Heartland Industrial Partners was a private equity firm founded in 1999 focused on industry consolidation and growth capital investments in middle-market industrial companies.

The firm, which was based in Stamford, Connecticut, terminated its registration with the SEC in 2013.

==History==
The firm was founded in 1999 by former Reagan budget director David Stockman, Timothy Leuliette and Daniel Tredwell In 2001, the firm completed fundraising for its first and only private equity fund with approximately $1.4 billion of investor commitments.

===Collins & Aikman===
In 2005, it was reported that Stockman handed control of the fund, Heartland Industrial Partners, over to his partners following his resignation as chairman of Collins & Aikman, which was a major investment for the fund that ended in bankruptcy.

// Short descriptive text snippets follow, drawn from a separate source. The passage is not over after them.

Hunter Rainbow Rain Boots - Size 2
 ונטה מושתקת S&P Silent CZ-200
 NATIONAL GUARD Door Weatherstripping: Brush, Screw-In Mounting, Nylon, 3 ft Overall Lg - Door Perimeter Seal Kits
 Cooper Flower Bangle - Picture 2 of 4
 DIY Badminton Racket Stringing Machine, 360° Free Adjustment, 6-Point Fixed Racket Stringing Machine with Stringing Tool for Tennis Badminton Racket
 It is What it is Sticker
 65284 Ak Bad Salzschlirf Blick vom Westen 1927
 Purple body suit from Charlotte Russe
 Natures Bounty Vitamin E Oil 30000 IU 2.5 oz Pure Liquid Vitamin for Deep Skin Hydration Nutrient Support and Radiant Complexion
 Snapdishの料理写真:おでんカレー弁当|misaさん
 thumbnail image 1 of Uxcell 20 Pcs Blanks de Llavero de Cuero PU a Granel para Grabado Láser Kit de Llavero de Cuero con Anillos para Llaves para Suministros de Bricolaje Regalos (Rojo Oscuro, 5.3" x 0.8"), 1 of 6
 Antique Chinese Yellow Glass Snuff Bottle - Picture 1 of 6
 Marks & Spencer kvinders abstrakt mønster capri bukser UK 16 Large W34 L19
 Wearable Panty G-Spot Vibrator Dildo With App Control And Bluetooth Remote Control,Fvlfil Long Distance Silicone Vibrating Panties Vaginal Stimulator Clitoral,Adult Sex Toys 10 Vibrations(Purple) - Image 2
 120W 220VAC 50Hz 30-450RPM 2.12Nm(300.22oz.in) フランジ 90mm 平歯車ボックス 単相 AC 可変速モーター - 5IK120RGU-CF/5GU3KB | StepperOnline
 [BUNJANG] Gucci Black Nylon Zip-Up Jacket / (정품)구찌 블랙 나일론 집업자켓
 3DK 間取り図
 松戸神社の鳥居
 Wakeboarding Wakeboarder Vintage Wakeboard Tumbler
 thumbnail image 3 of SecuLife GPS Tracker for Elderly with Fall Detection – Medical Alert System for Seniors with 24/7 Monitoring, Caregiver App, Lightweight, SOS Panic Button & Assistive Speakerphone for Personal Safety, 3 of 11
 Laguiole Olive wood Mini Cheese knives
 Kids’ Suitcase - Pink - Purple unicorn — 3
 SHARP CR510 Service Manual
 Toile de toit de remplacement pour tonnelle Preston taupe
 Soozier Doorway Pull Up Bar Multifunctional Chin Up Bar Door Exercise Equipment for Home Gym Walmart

On March 26, 2007, federal prosecutors in Manhattan indicted Stockman in "a scheme ... to defraud Collins & Aikman's investors, banks and creditors by manipulating C&A's reported revenues and earnings." At the same time, the Securities and Exchange Commission brought civil charges against Stockman related to actions he took while CEO of Collins & Aikman. Stockman suffered a personal financial loss, estimated at $13 million, along with losses suffered by as many as 15,000 Collins & Aikman employees worldwide. Stockman said in a statement posted on his law firm's Web site that the company's collapse was the consequence of an industry melt-down, not fraud. In August 2008, a trial date was set but on January 9, 2009, the U.S. Attorney's Office announced that it did not intend to prosecute Stockman in this case.

Other investments in the Heartland portfolio included auto parts suppliers Metaldyne and TriMas as well as Springs Industries, a manufacturer of home furnishings.